DW: In the preamble to the National Labor Relations Act, the justification is to level the playing field so that workers can bargain for higher wages with employers, which would then help the economy and help get us get out of the Depression because it would fundamentally give workers consumption power. They'd buy more goods and services, which would create more jobs, which would help the economy. It's economic stimulus, essentially.
I would say the same thing is true now. The problem has been that with wage stagnation for forty years, people had to take on debt to keep up with inflation and to buy basic things because they weren't getting raises. If we were to pass a new Wagner Act today that gave workers the right to organize free of intimidation, they could bargain for higher wages with employers, who have record profits, and that would help to stimulate the economy again. First, it would help people get out of underwater mortgages, and second, it would help people be able to buy more stuff. Especially in an economy that's 70% based on consumption, actually giving workers more bargaining power is a form of stimulus.

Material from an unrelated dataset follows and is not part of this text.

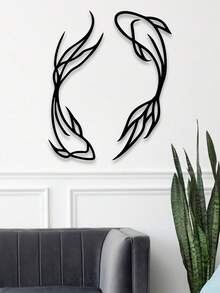 1 tác phẩm nghệ thuật treo tường cá Koi bằng kim loại tối giản hiện đại - Cảm hứng âm dương, Điêu khắc phong thủy đường nét trừu tượng, Thích hợp cho phòng khách, phòng trẻ em, trang trí phòng ngủ, đồ trang trí treo tường, biển treo tường, bộ nghệ thuật treo tường, phong cách hiện đại, chủ đề động vật - Nhiều màu - Xem 3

BC: Following that logic, with all the backward movement against labor -- what happened in Wisconsin, the Supreme Court decision on WalMart -- is there an anti-stimulus effect from these attacks?
DW: Part of that process of downward mobility has been the loss of pensions and economic security for private sector workers, especially with declining unionization, which is only 7% in the private sector down from almost a third in the 1940s. The aim of these attacks on public sector workers is to put them in the same boat as private sector workers -- strip them of pensions, strip them of the ability to bargain for higher wages. In that sense I do think there is a huge effect on the economy because with higher unemployment and as people lose their bargaining power they're not going to be able to purchase more stuff. Also, as people lose their pensions I can't even imagine what that's going to do in terms of pushing older people into the workforce longer at the same time that there's probably going to be an increase in age discrimination.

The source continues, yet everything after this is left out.